Stopmotion and 4 Other Criminally Overlooked Horror Movies of 2024 You Missed

Stopmotion and 4 Other Criminally Overlooked Horror Movies of 2024 You Missed
Image credit: IFC Films

A frightening anthology, a South African trash horror and a French one-take.

2024 was such a prolific year for horror films that some movies simply got lost in the shuffle: failed to draw enough theatrical audiences, or were eclipsed by bigger premieres.

1. V/H/S/Beyond, 2024

V/H/S/Beyond is the seventh movie in the franchise, and the authors' grip is not loosening at all. This time, the collection of video horror has gone completely into the realm of science fiction, focusing on the UFO phenomenon.

The short stories are varied and include a zombie shooter, a nightmare on the set of an Indian movie, an encounter with taxidermist maniacs, and two episodes about an alien invasion.

2. Lovely, Dark, and Deep, 2024

Lovely, Dark, and Deep offers no innovations – this is a story about the mysteries of forests and missing people, but Teresa Sutherland's film has its own charm. There are picturesque vistas, and the motif of overcoming childhood traumas.

In the role of a ranger investigating the mystical disappearance of people, Georgina Campbell, whom many remember from the sensational horror Barbarian. Teresa Sutherland's film confidently comments on one of the basic motives of horror – man's fear of the unknown in a Lovecraftian style.

3. Street Trash, 2024

South Africans have made a crazy horror movie about homeless people who hatch a plan to take revenge on the criminal elite. After all, the local authorities want to deal with the poor population of Cape Town by pumping them with a deadly serum.

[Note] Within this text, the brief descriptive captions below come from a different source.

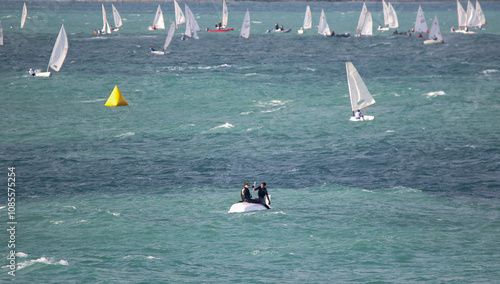 Obraz na płótnie Yachtsmen sit on the hull of a capsized yacht and wait for help at sea in strong winds w salonie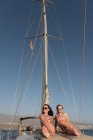 Belle giovani donne in occhiali da sole e cappelli capitano sul ponte laterale di costosa barca galleggiante sull'acqua nella giornata di sole — Foto stock
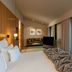 Memmo Principe Real Lisbon guest room with king bed, seating area, and city view through floor-to-ceiling windows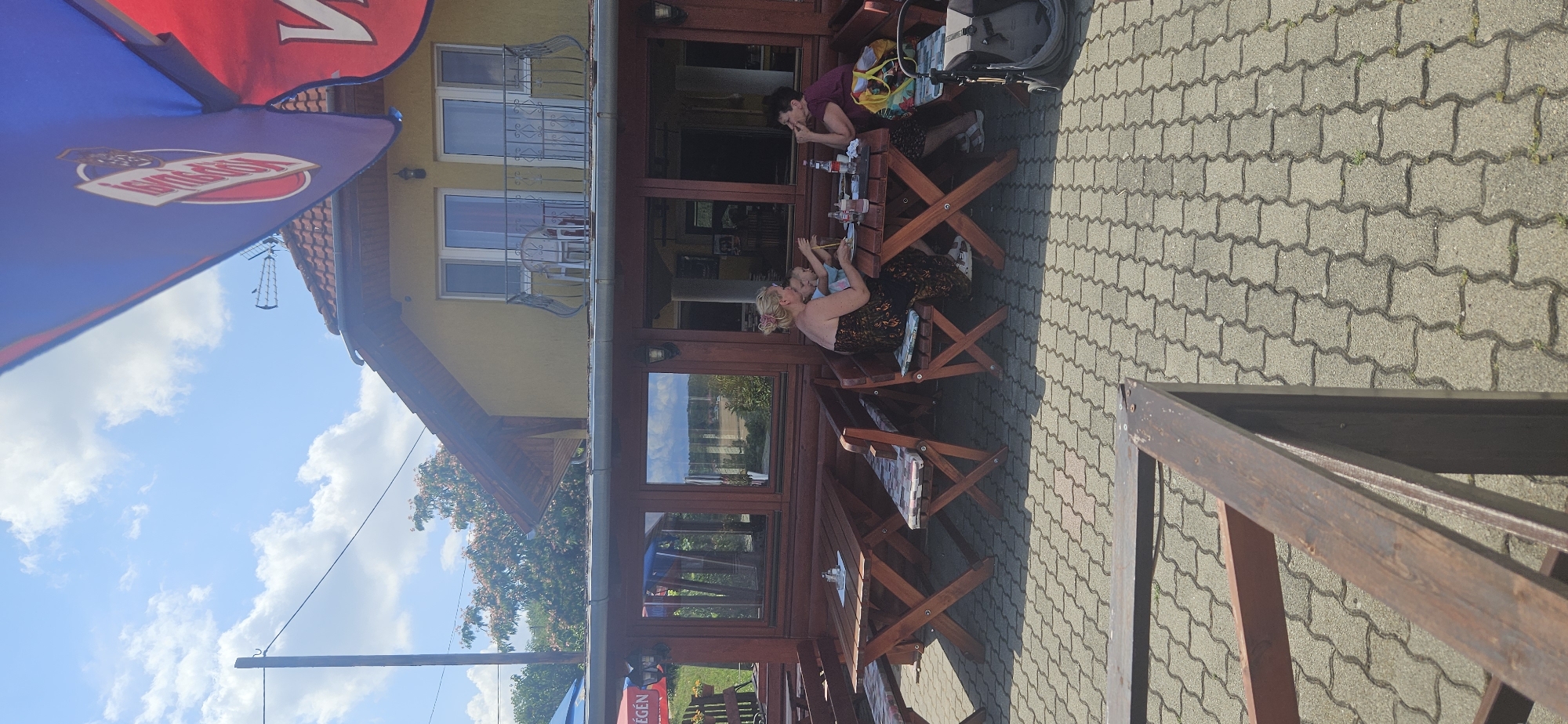 The image depicts an outdoor seating area of a restaurant, likely in Hévíz, Hungary, given the style of the building and the presence of umbrellas with what appear to be Hungarian text. The scene is set on a sunny day with a blue sky and scattered clouds.
In the foreground, a paved area with interlocking grey stones is visible, with a wooden railing in the lower left corner. Further back, several wooden picnic-style tables and benches are arranged. Some of the benches have patterned cushions.
At one of the tables, three individuals are seated. On the left, a woman with blonde hair tied up in a bun is wearing a strapless, patterned dress. She is interacting with a young child, who is wearing a blue top and appears to be eating or playing with food. To the right of them sits another woman with dark hair, wearing a purple top. She has her hand near her face and appears to be looking away from the table.
On the table, there are bottles of drinks, glasses, and possibly some food items. A bag is placed on the bench next to the woman in the purple top, and a stroller or backpack is visible to the far right.
Behind the seating area is a wooden-framed structure with large windows, reflecting the sky and trees. Above this structure is a yellow building with a tiled roof. The building has windows and a balcony with a decorative railing on the upper floor. Two large umbrellas, one predominantly blue and red, are positioned above the outdoor seating area, providing shade. One umbrella features a logo with text that suggests a beverage brand.
The overall impression is of a casual outdoor dining or relaxation spot.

Street Trash is both a remake and a sequel to the 1987 horror film of the same name, a cult classic in certain circles and familiar to hardcore fans of the genre.

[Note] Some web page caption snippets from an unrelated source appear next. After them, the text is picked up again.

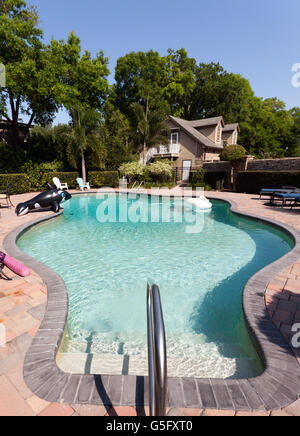 Una piscina privata, in Windermere, Orange County, Florida, Stati Uniti. Foto Stock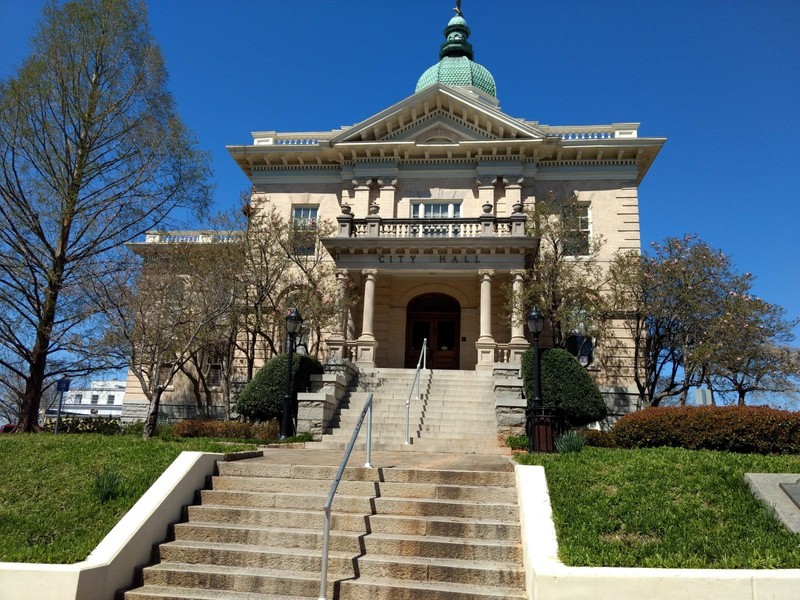 A view of both the City Hall staircase and the iconic weather-vane and bell tower.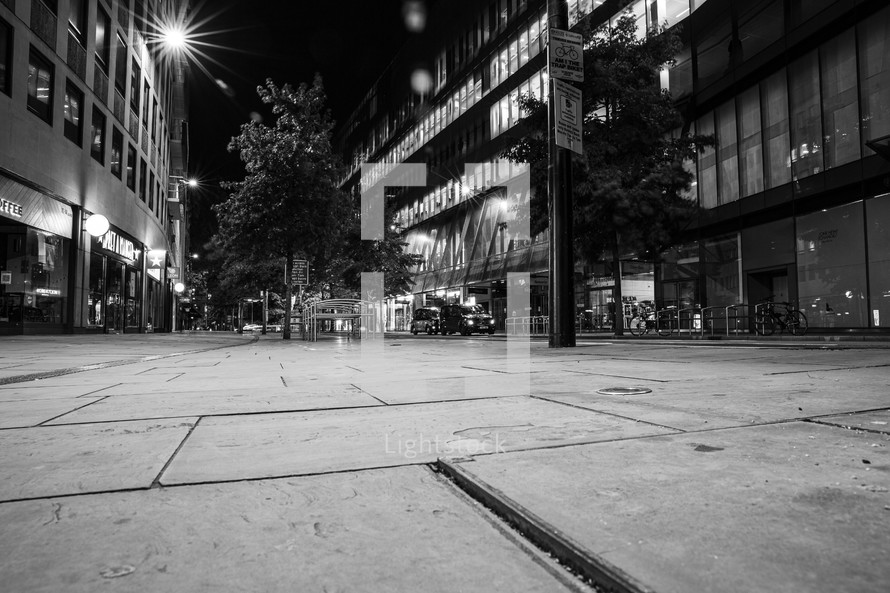 empty sidewalk in a city at night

Against the backdrop of the film's general recklessness, the authors let their hair down: people's bodies are pumped full of deadly chemicals, covered in creepy blisters, and burst.

4. Stopmotion, 2024

Stopmotion tells the story of an animator's ordeal as she creates the puppet movie of her dreams. The process is accompanied by the unstable behavior of her artist mother, surreal visions, and the eerie fusion of fiction and truth.

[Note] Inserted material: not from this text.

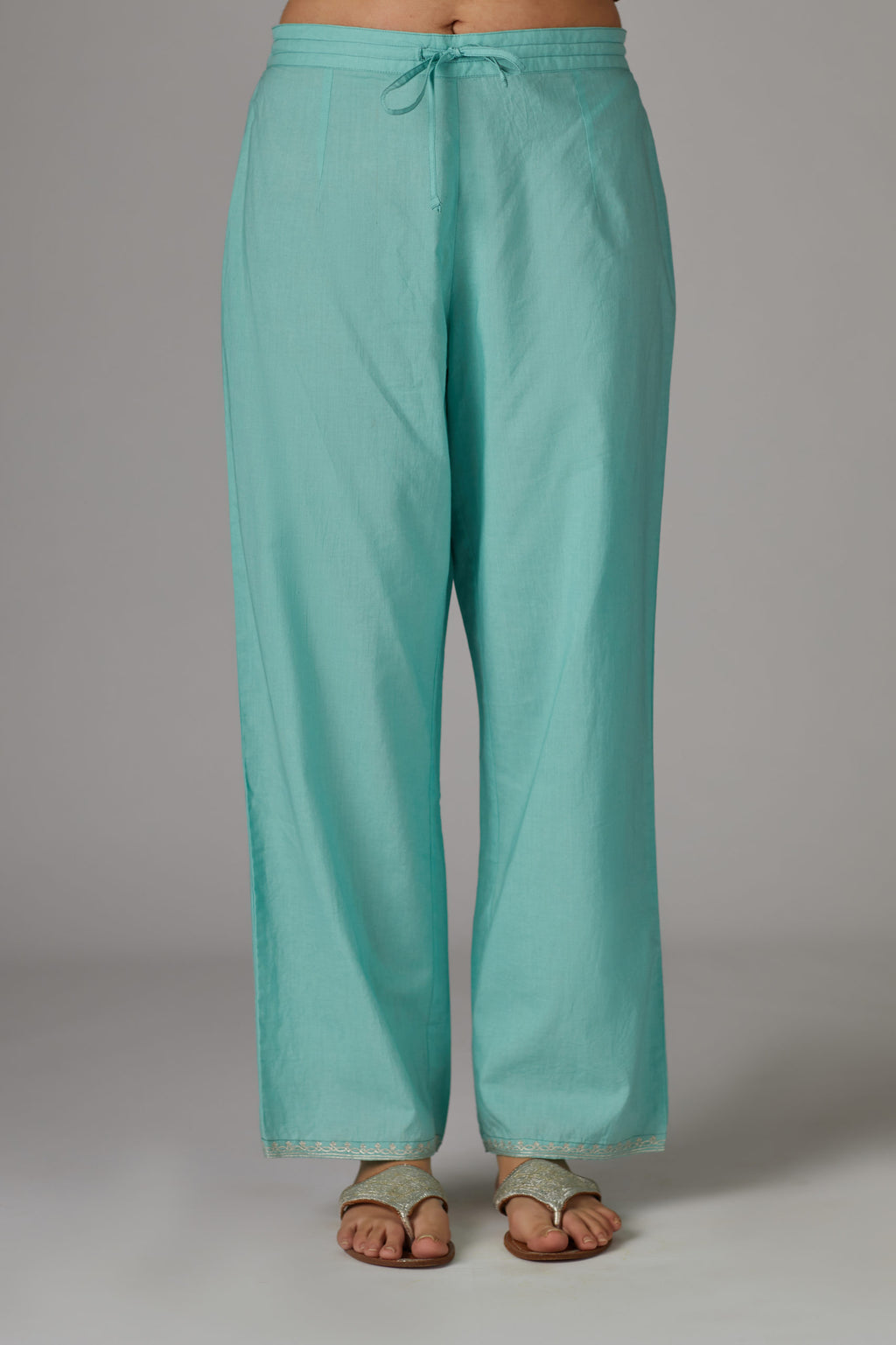 Teal cotton straight pants with aari embroidery at hem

The director of the film, Robert Morgan, is a master of animation who brings ingenuity to his feature-length films, instilling horror. The film shows all the complexities of the creative process that the animator knows firsthand.

5. MadS, 2024

Romain's day doesn't go as planned. A bandaged woman jumps into the car, infects him with blood and turns him into a living dead man. Romain feels the first symptoms at a party.

His friends, including his girlfriend Anais, are in danger. Armed liquidators drive around the area, trying to contain the spread of the virus and declare a hunt for the infected.

MadS is a wild horror experiment, shot entirely in one take. It's surprising that David Moreau's movie didn't get much attention – it's almost Climax by Gaspar Noe: here, young people go crazy, and the apocalypse rhymes with a destructive love triangle.